At present, this requires you to have fzf installed. I am looking to try and replace that dependancy with the find command.

To help find a page you want to edit, you can run the following command:

Bash
lupo edit

This will open up a fuzzy search finder where you can type to search for the page you want to edit.

The results will narrow down as you type.

When you press enter, it will attmept to open that source page in your system’s default editor. Defined in your $EDITOR environment variable.

Automatic rebuild on save

This requires you to have inotifywait installed.

Sometimes you will be working on a longer-form page or post, and want to refresh the browser to see your changes as you write it.

It quickly becomes tedious to have to keep running lupo build to see those changes.

So running the following command will “watch” you ./src directory for any changes, and rebuild any file that is altered in any way.

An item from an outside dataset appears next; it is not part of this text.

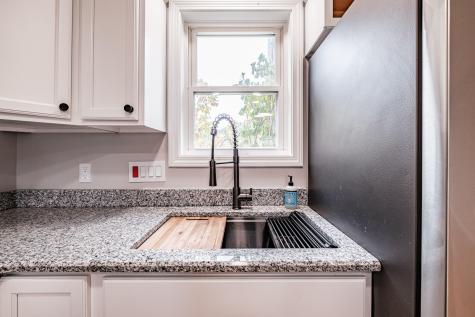 1257 Route 2 Rumford ME 04276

It will only rebuild that single file; not the entire project.

Deploying to a server

This requires you to have rsync installed.

This assumes that you have a server setup and ready to host a static html website.

I covered how I set up my own server in This Terraform post and This Ansible post.

All that lupo needs to be able to deploy your site, is for you to add the required settings in your config file at $HOME/.config/lupo/config

  • remote_user – This is the user who owns the directory where the html files will be sent to.
  • ssh_identity_key – This is the path to the private key file on your computer that pairs with the public key on your remote server.
  • domain_name – The domain name pointing to your server.
  • remote_directory – The full path to the directory where your html files are served from on your server.

For example:

Bash
remote_user: david
ssh_identity_key: ~/.ssh/id_rsa
domain_name: example.com
remote_directory: /var/www/example.com

Then run the following command:

Bash
lupo push

With any luck you should see the feedback for the files pushed to your remote server.

Assuming you have set up you domain name to point to your server correctly, you should be able to visit you website in a browser and see your newly-deployed website.

Going live

This is an experimental feature

If you’ve got the lupo watch and lupo push commands working, then the live command should also work:

Bash
lupo live

This will watch your project for changes, and recompile each updated page and push it to your server as it is saved.

The feedback is a bit verbose currently and the logic needs making a bit smarter. But it does currently work in its initial form.